▶ _What is being asked_
Set down the entries below exactly; drop the pictures.

(Caption-style text data)

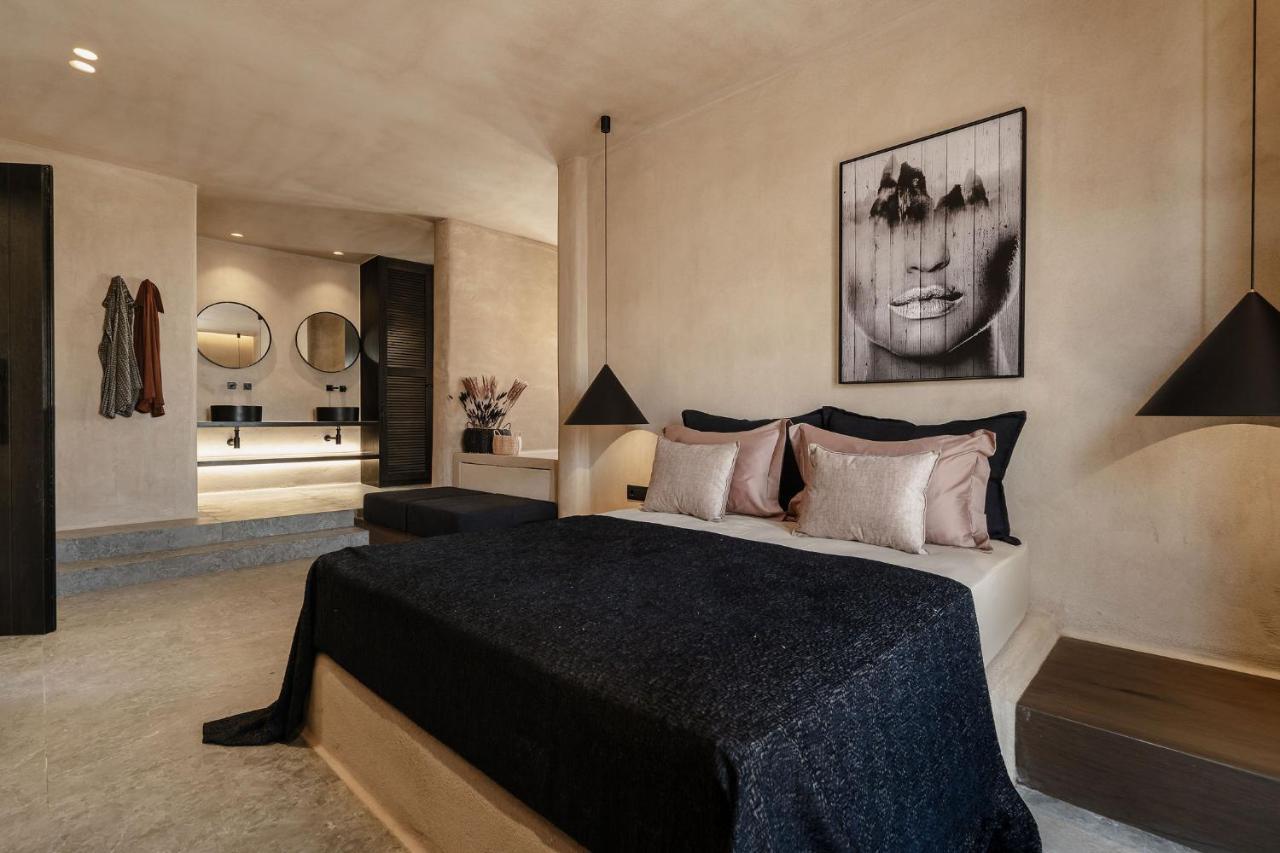 Emery Boutique Hotel Naxos City Extérieur photo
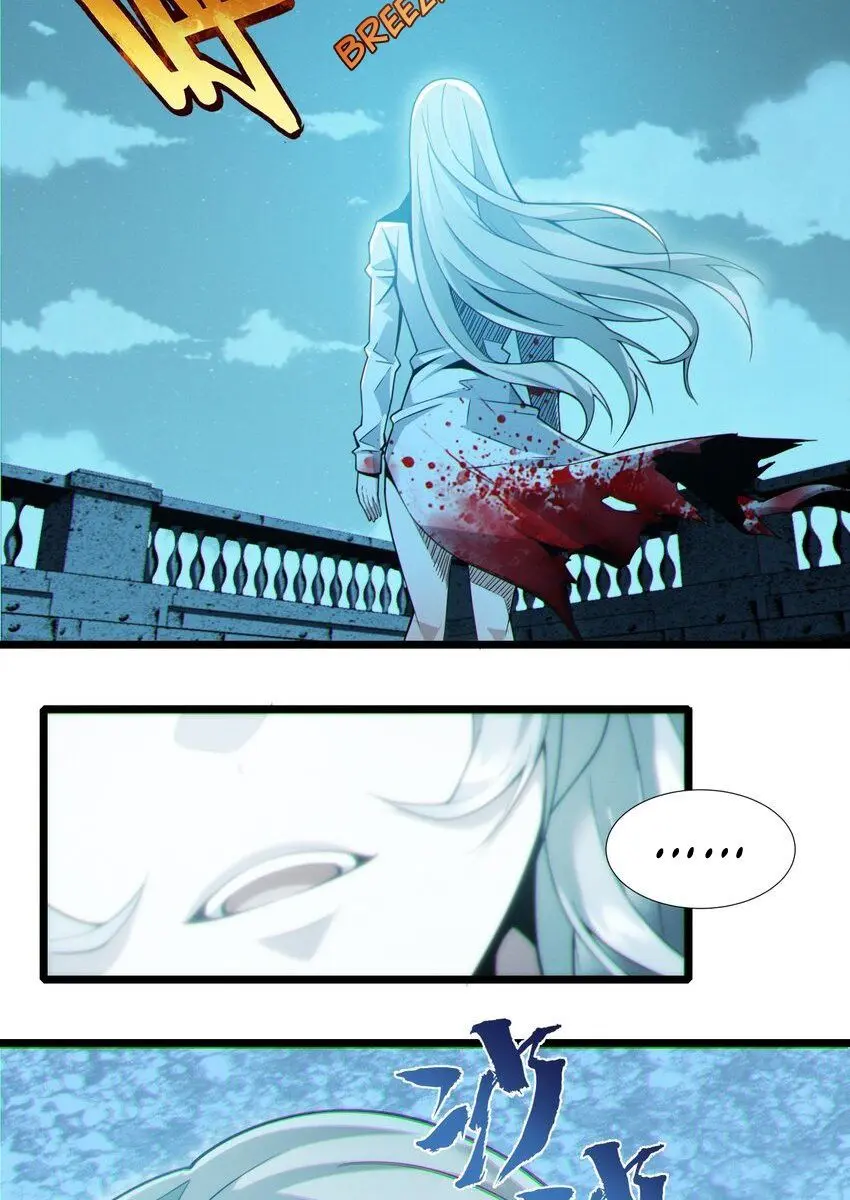 I'm Really Not the Demon God's Lackey Chapter 64 Page 19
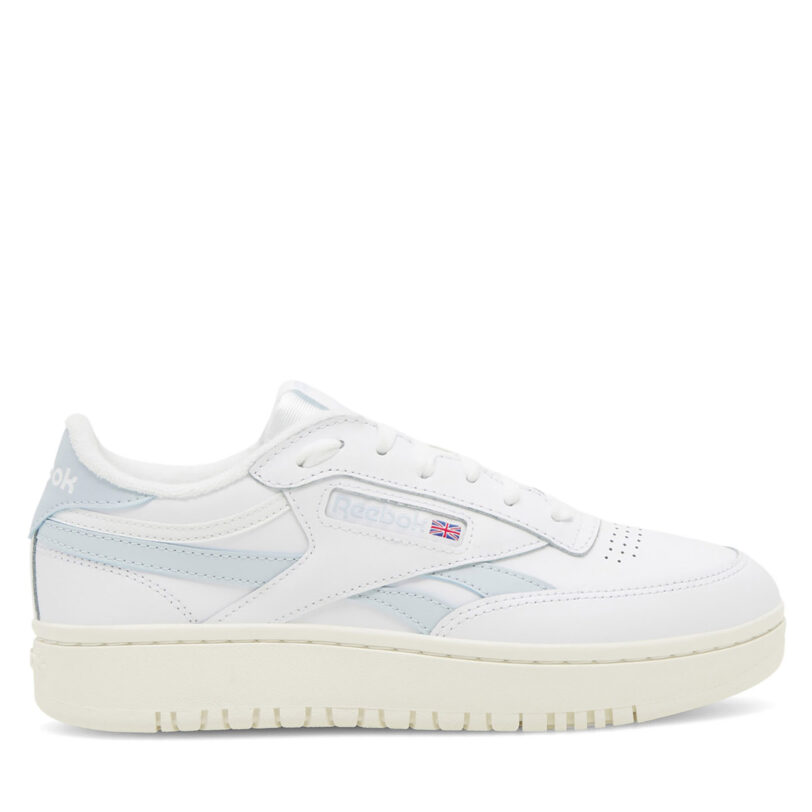 Сникърси Reebok Club C Double Revenge 100033102 Бял цвят на ниска цена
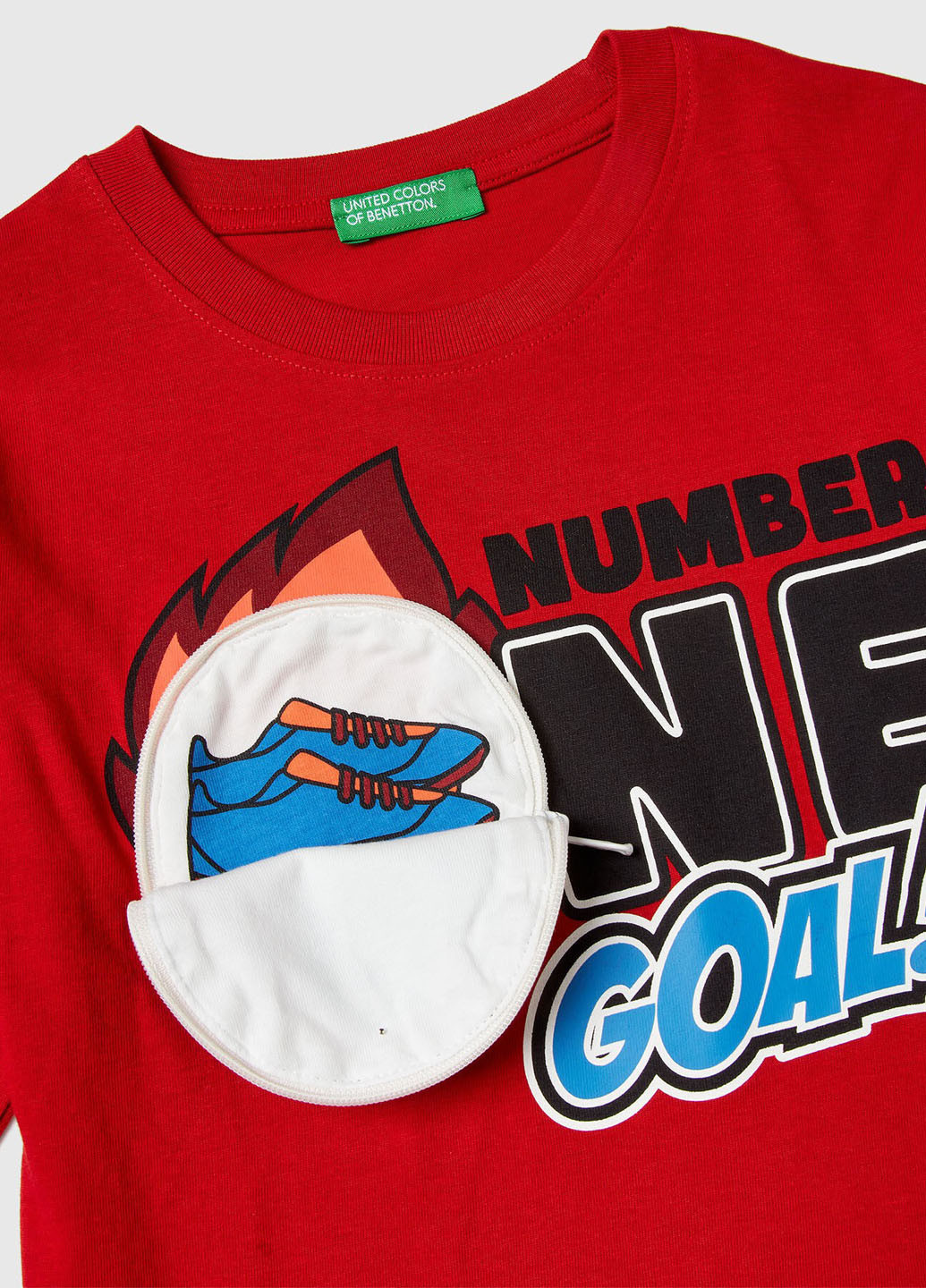 Лонгслів United Colors of Benetton (366871442)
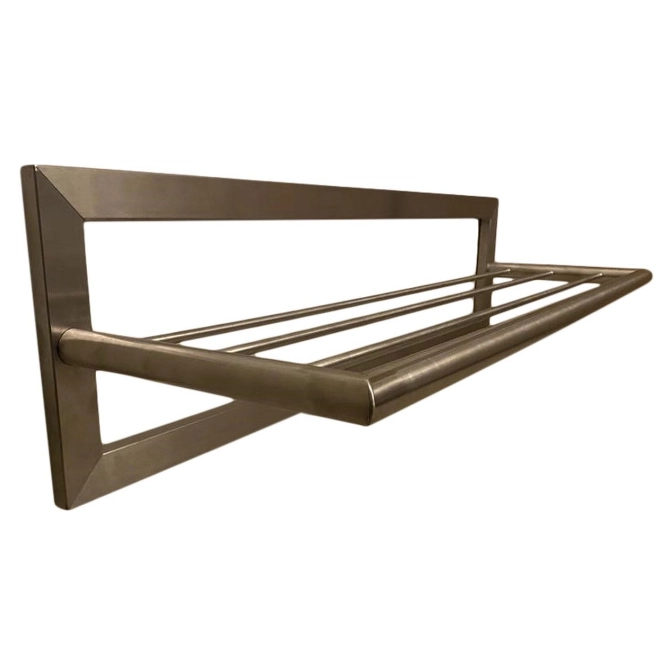 LIROdesign schoenenrek RVS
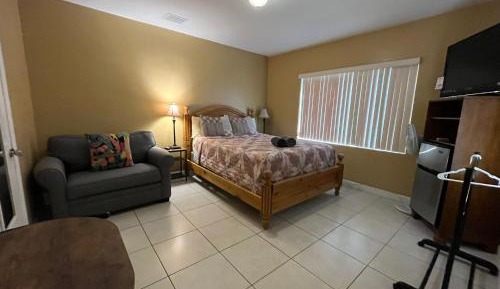 Large Double Room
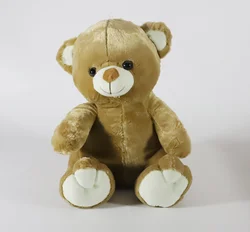 Sublimation blank Plush Toys valentine teddy bears sublimation bear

▶ _Solution_
 Emery Boutique Hotel Naxos City Extérieur photo
 I'm Really Not the Demon God's Lackey Chapter 64 Page 19
 Сникърси Reebok Club C Double Revenge 100033102 Бял цвят на ниска цена
 Лонгслів United Colors of Benetton (366871442)
 LIROdesign schoenenrek RVS
 Large Double Room
 Sublimation blank Plush Toys valentine teddy bears sublimation bear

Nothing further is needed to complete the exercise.